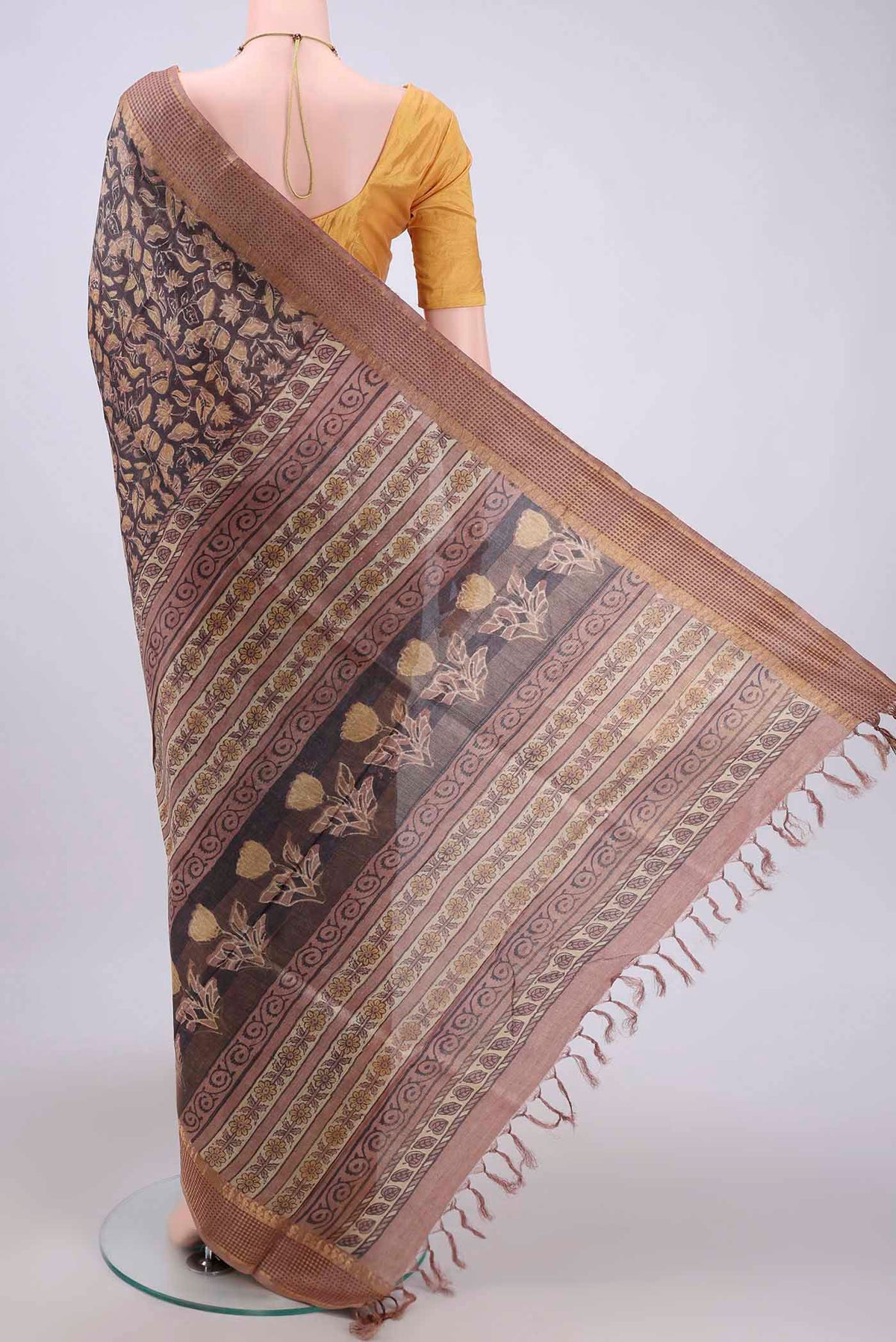 Flat view of Davys Grey Tussar Silk Saree with kalamkari Print on the body and Zari Border. 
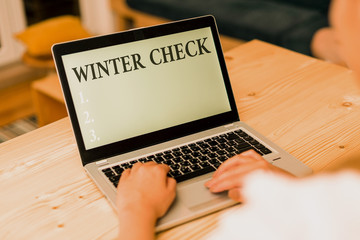 Word writing text Winter Check. Business photo showcasing Coldest Season Maintenance Preparedness Snow Shovel Hiemal woman laptop computer smartphone mug office supplies technological devices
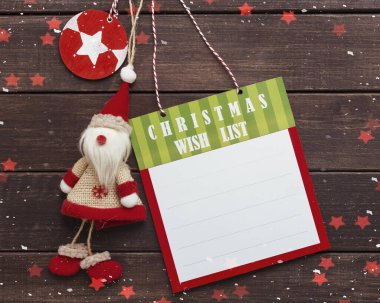 Oyuncak Noel Baba 'nın tahta arka planda olduğu Noel dileği listesi.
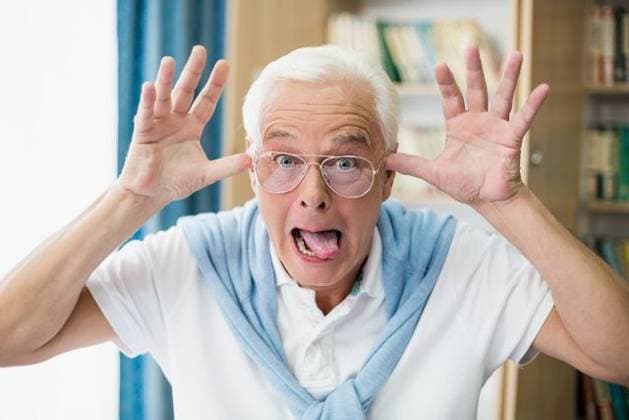 Senior man making faces Senior man making faces in a retirement home, model released, , property released, Cape Town, South Africa, 02.03.2016, 750849.jpg, home, senior, sheltered, daycare, accommodation, leisure, lifestyle, retirement, residential, retired, geriatric, nursing home, retirement home, health, senior citizen, clinic, retiree, hospice, patient, healthcare, medicare, healthcare and medicine, aged, sitting, cupboard, books, curtain, happy, smiling, cheerful, grimaces, making, faces, wearing, glasses 50s, Mature Adult, Man, Male, Caucasian, 55-59 Years, Mature Men, Caucasian Ethnicity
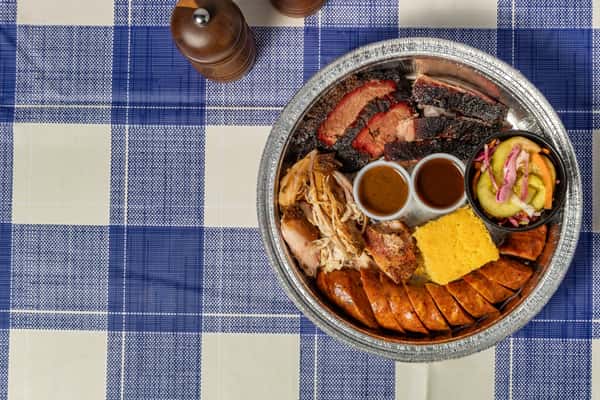 Texas-style barbecue combo platter with sliced brisket, pulled chicken, smoked sausage, cornbread, and pickled cucumber salad, served in a round foil tray—ideal for Southern BBQ catering and family-style meals.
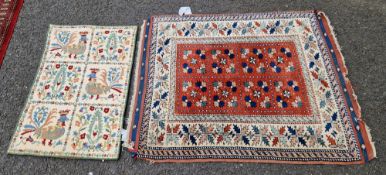 Persian rug with burgundy ground with eight floral geometric designs in centre, blue, salmon,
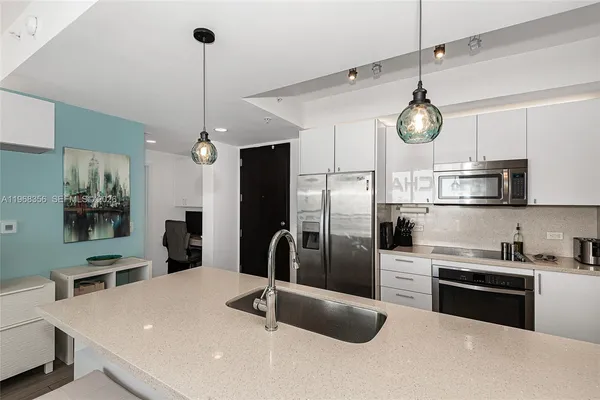 a kitchen with stainless steel appliances granite countertop a sink a stove and a refrigerator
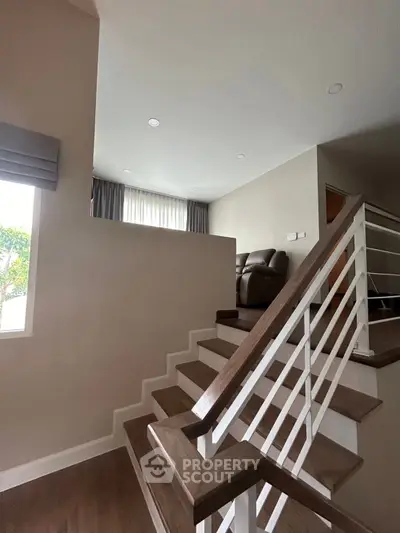 Modern interior with stylish staircase and cozy living area, perfect for contemporary living.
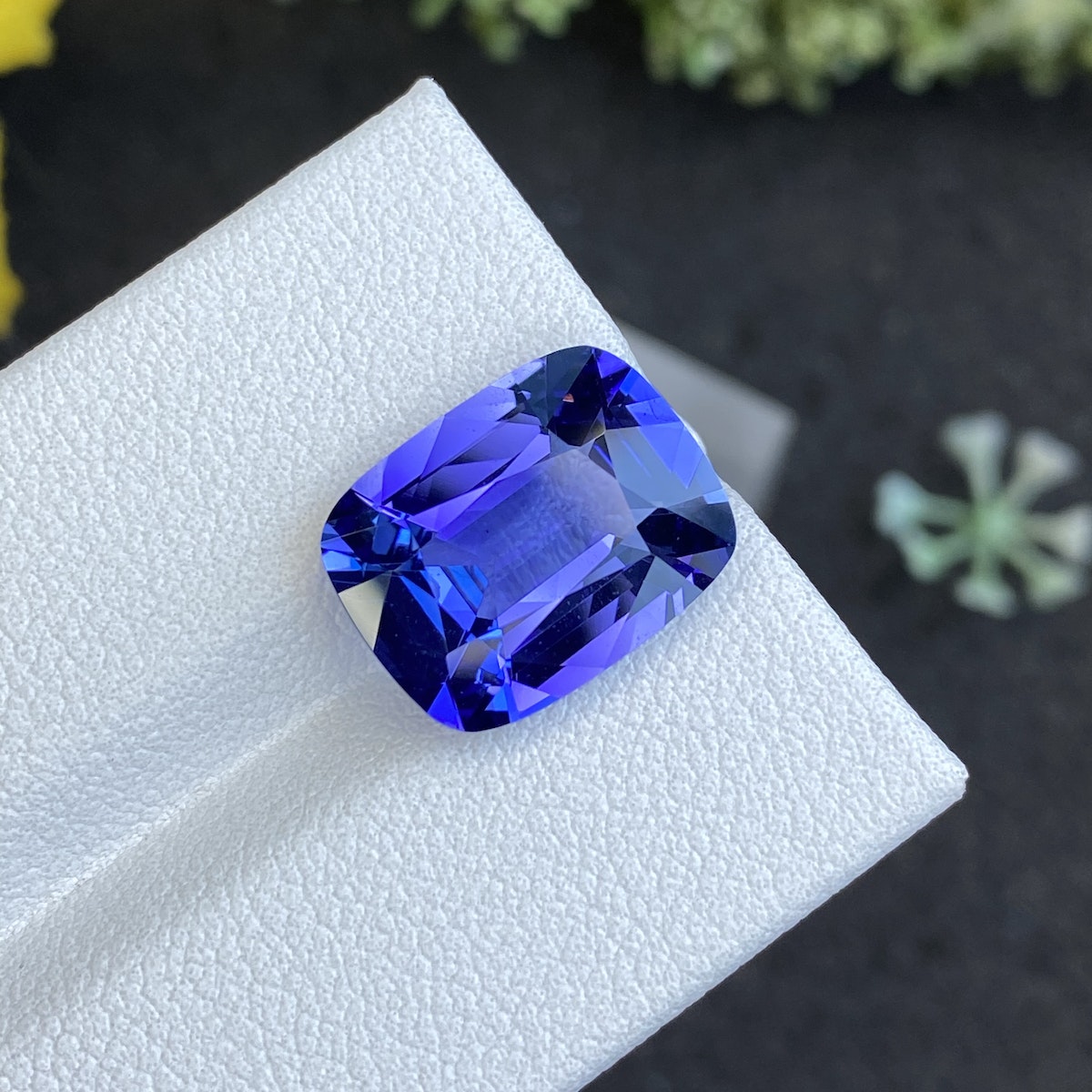 Une tanzanite facettée de 6,66 ct de Bonnot Paris brille de teintes bleues vibrantes sur une surface blanche, sur fond sombre avec des touches de verdure.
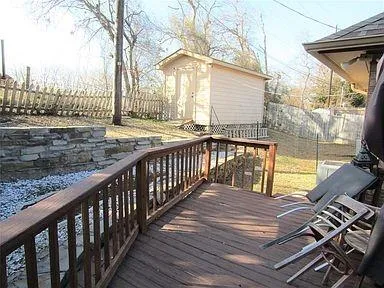 a side view of a house with a yard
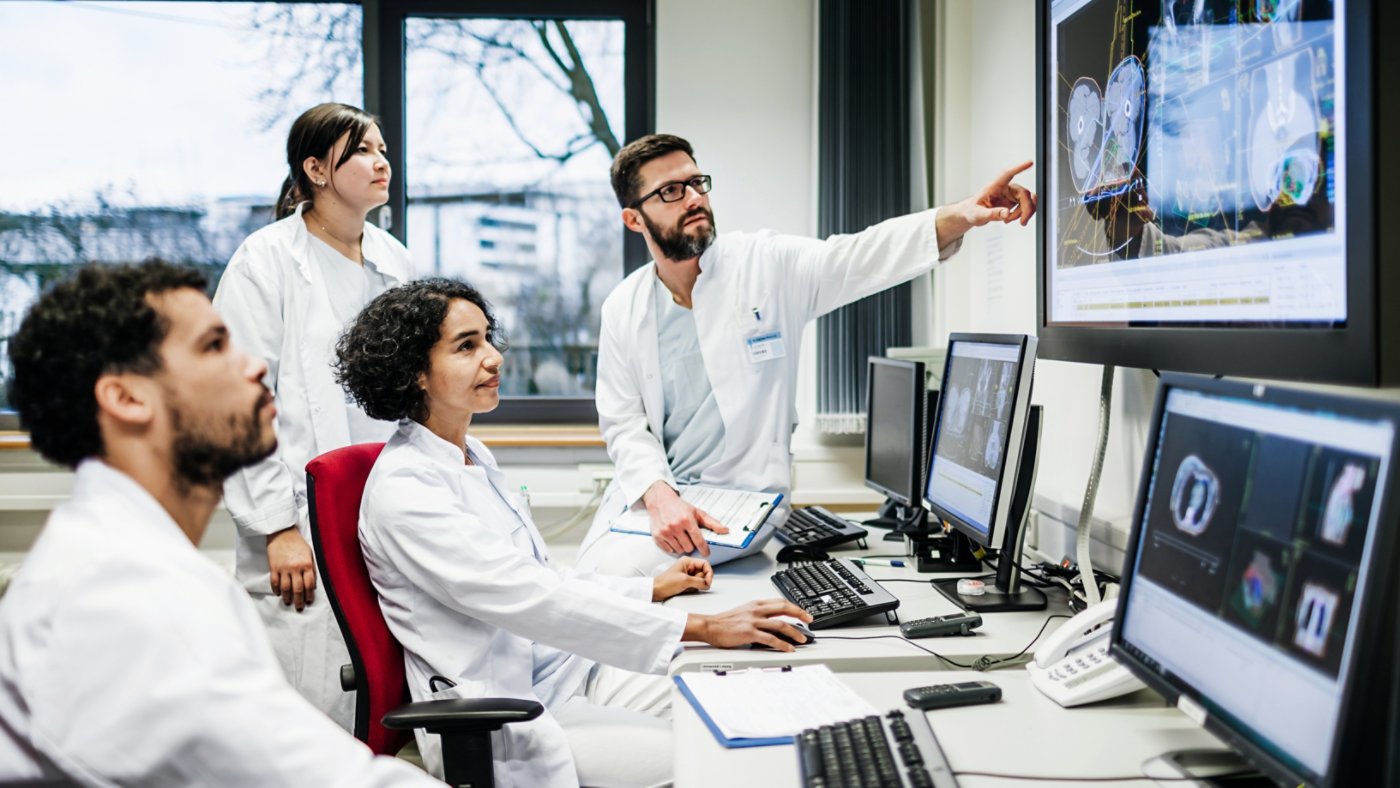 A team of doctors looking at some lab results together on monitors, in an office at the hospital.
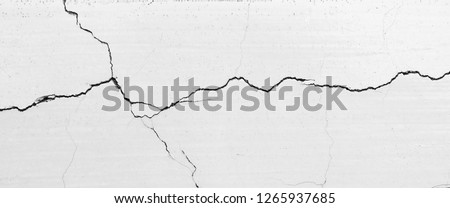 crack white wall texture Royalty-Free Stock Photo #1265937685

* * *

Output only the lines running from the line with "Modern interior with" through the last line of the entries above, inclusive, with pictures excluded.

### RESULT OF THIS TASK:
 Modern interior with stylish staircase and cozy living area, perfect for contemporary living.
 Une tanzanite facettée de 6,66 ct de Bonnot Paris brille de teintes bleues vibrantes sur une surface blanche, sur fond sombre avec des touches de verdure.
 a side view of a house with a yard
 A team of doctors looking at some lab results together on monitors, in an office at the hospital.
 crack white wall texture Royalty-Free Stock Photo #1265937685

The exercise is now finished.